It's a SPOTTED appaloosa horse...

-If the horse have a light base and dark spots.
-If the horse have a dark base but white and/or spotted bump.
-If the horse have a black base but light spots on (snowflake).
-If the horse may have really solid appaloosa vibes like dark color around the bones zone of it's body.

Yann Arthus Bertrand : Knabstrupper (Knabsrup), Hugin.
Yann Arthus Bertrand : 'English' Appaloosa, Spottie Dot Com.

It's a DAPPLE horse if...

-If the horse have a dark base and light spots. Usually base would be grey or brown.
-If the horse have a medium/light base with white spots.

Yann Arthus Bertrand : 'English' Hunter, Ivanhoe.
Also, I've seen that MOST of the painters know what they do, thinking they are all lame is not a great way of seeing things. Even medieval painters depicted dapples perfectly with their naive drawings.

So in my view, that's a dappled horse:

Most likely this one is a spotted horse, even if you can have a doubt:

But that horse? A spotted horse with no doubts...

But, wait, you know a thing?
It can be more difficult than that. Because if by our day, spotted horses are known as "appaloosa color" it wasn't in ancient time. No no...
Seems like they didn't do distinction between our famous spotted horses and our famous dappled horses... let's see thoses paintings names:

Aelbert Cuyp (1620-1691): A Dapple Grey Horse
 (With my logic: Grey "Dapple" Horse)

Van Calraet, Abraham (1642-1722): A Dappled Stallion with a dog in a stable
(With my logic: Spotted "Appaloosa" Horse)

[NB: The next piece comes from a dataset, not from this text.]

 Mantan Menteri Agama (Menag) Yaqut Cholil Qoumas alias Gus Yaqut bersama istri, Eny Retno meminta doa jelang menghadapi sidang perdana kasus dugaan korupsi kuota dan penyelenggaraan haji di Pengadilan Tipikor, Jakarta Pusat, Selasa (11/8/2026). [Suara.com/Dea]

Baron Reis d' Eisenberg (1685-1764): No 29 A dappled grey horse of the Spanish Riding School performing a dressage movement
(With my logic: Spotted "Appaloosa" Horse)

Philipp Ferdinand de Hamilton (1664-1750) : Vast hilly landscape with a saddled dappled-grey and horses at a watering place
(With my logic: Spotted "Appaloosa" Horse)

Aaand if you thinks by now we are done, we just started our journey, take a look at this one title:

Johann Georg Von Hamilton (1672-1737): Portrait of a dappled horse from the stud at Eisgrub performing the Levade 
(With my logic: Spotted "Paint" Horse)

Oh dear... we are in trouble...

So let's define a new spotted color...

It's a spotted PAINT horse...
-If the horse have large spots like a common cow pattern instead of dots, no matters the color.

Yann Arthus Bertrand : Pottock stallion, Judo.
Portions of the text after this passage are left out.